Sur son côté gauche, Nuno Mendes a multiplié les interventions décisives face à Michael Olise, même si le Portugais a longtemps évolué sur le fil après une situation litigieuse qui aurait pu lui valoir un second avertissement.
Derrière eux, Matvei Safonov a également répondu présent. Le portier parisien s’est interposé à plusieurs reprises devant les offensives bavaroises, notamment avant la pause puis en seconde période, repoussant l’échéance jusqu’aux arrêts de jeu.
Le Bayern pousse, Paris résiste
Malgré sa domination territoriale, le Bayern a longtemps donné l’impression de tourner en rond face à une équipe parisienne parfaitement organisée. Et pourtant, le PSG aurait même pu tuer définitivement le suspense bien plus tôt.
Désiré Doué s’est procuré plusieurs situations dangereuses, tandis que Kvaratskhelia a continuellement semé le désordre dans la défense allemande. L’ailier géorgien, étincelant sur les deux rencontres, a confirmé qu’il était devenu l’un des grands visages de cette campagne européenne parisienne.
Il aura finalement fallu attendre le temps additionnel pour voir Harry Kane tromper Safonov et égaliser (1-1, 90+4). Beaucoup trop tard toutefois pour des Bavarois éliminés malgré une dernière poussée d’orgueil.
Les Allemands pourront nourrir des regrets et contester certaines décisions arbitrales de João Pinheiro, notamment une possible expulsion de Nuno Mendes ou une main de João Neves dans la surface parisienne.

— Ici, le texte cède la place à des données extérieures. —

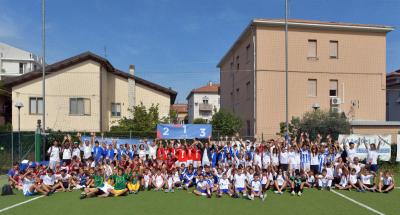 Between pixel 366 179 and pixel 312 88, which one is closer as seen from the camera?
pixel 366 179

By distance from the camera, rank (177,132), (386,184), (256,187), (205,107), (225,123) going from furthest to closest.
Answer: (205,107) < (225,123) < (177,132) < (386,184) < (256,187)

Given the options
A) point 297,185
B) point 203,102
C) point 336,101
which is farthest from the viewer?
point 203,102

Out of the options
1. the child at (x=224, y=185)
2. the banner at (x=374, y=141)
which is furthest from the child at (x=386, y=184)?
the child at (x=224, y=185)

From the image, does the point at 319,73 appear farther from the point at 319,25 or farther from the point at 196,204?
the point at 196,204

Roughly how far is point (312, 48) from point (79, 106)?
18.8 m

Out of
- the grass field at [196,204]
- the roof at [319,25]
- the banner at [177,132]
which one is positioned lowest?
the grass field at [196,204]

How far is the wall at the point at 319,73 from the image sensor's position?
87.2ft

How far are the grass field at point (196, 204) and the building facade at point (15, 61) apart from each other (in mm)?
59433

L’Allianz Arena réussit décidément au PSG
Un an après y avoir décroché sa première couronne européenne, le PSG retrouvera donc la finale de la Ligue des champions, le 30 mai prochain à Budapest, face à Arsenal FC.
Le club parisien devient ainsi la première équipe française à atteindre deux finales consécutives de UEFA Champions League, et la troisième finale de son histoire depuis le sacre historique de Olympique de Marseille en 1993.
En Espagne, la presse salue surtout le travail colossal accompli par Luis Enrique, architecte d’une équipe devenue machine de guerre collective. En Italie enfin, la prestation de Kvaratskhelia a particulièrement marqué les observateurs, certains voyant déjà le Géorgien s’inviter dans la course au prochain Ballon d’Or.
Paris, lui, n’a désormais plus qu’un objectif : conserver sa couronne continentale et réaliser un doublé historique qui installerait définitivement cette génération parmi les plus grandes de l’histoire du football européen.